Además de ser una herramienta básica en la comunicación, la palabra, sí, la palabra, eso con lo que hablamos a diario, contiene otros atributos que nos trascienden y con los que la humanidad ha escrito buena parte de su historia, aunque con el trajinar estos atributos parecen haberse ido diluyendo o haber ido pasando a un plano que ya no es reconocido por las mayorías
“Es una persona de palabra”, decían de alguien con una cuantía admirable, que hacía lo que decía, que merecía la confianza y el respeto de los demás, alguien que sabía claramente lo que arriesgaba al dar su palabra en garantía, porque “la palabra” implicaba atributos morales y casi religiosos, era un asunto de honor.
Se daba la palabra en garantía, no un Rolex con incrustaciones, no una casa de dos pisos, no un carro cero kilómetros. No. La persona daba su palabra y con eso bastaba, porque cumplirle al otro y a sí mismo se daba por descontado.

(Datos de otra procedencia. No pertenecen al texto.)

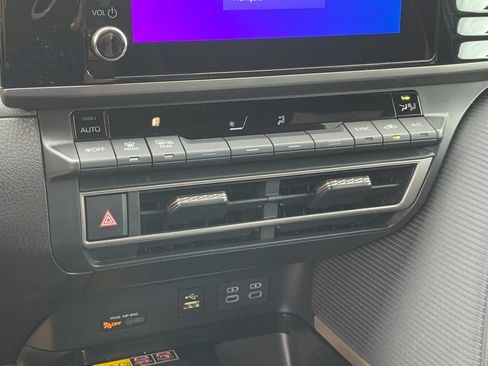 Used 2026 Toyota Camry SE FWD image 23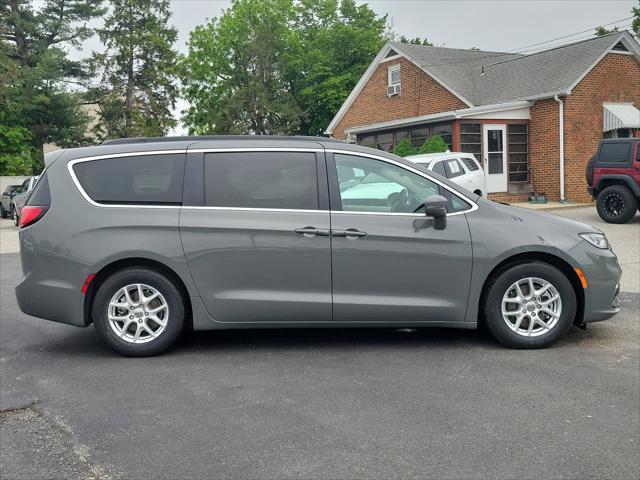 used 2022 Chrysler Pacifica car, priced at $28,600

Pero hoy, ahora, en este instante, ¿de qué sirve la palabra de alguien? ¿Qué significa que poco a poco la sociedad se haya ido llenando de personas sin palabra o, peor aún, de gente a la que no le inquieta que este cambio haya ocurrido?
Se suman décadas y décadas de ofrecimientos políticos que jamás se concretan, de una clerecía que igual condena o absuelve a pesar de sus desatinos y de su decadencia, de mercaderes que han abusado del costo de oportunidad, de seres inescrupulosos con “discursos” oportunistas, de egos tan recrecidos que acaban con el otro con tal de aumentarlos un poco más, de maleantes vestidos de etiqueta y de vidas que se consumen sin que absolutamente nadie repare en ellas. Décadas y décadas de incubación, de desconsuelo, de anemia moral. En fin, décadas enteras de desnutrición de los valores, de gestar y gestar a gente sin palabra.
¿Y esto a alguien realmente le importa?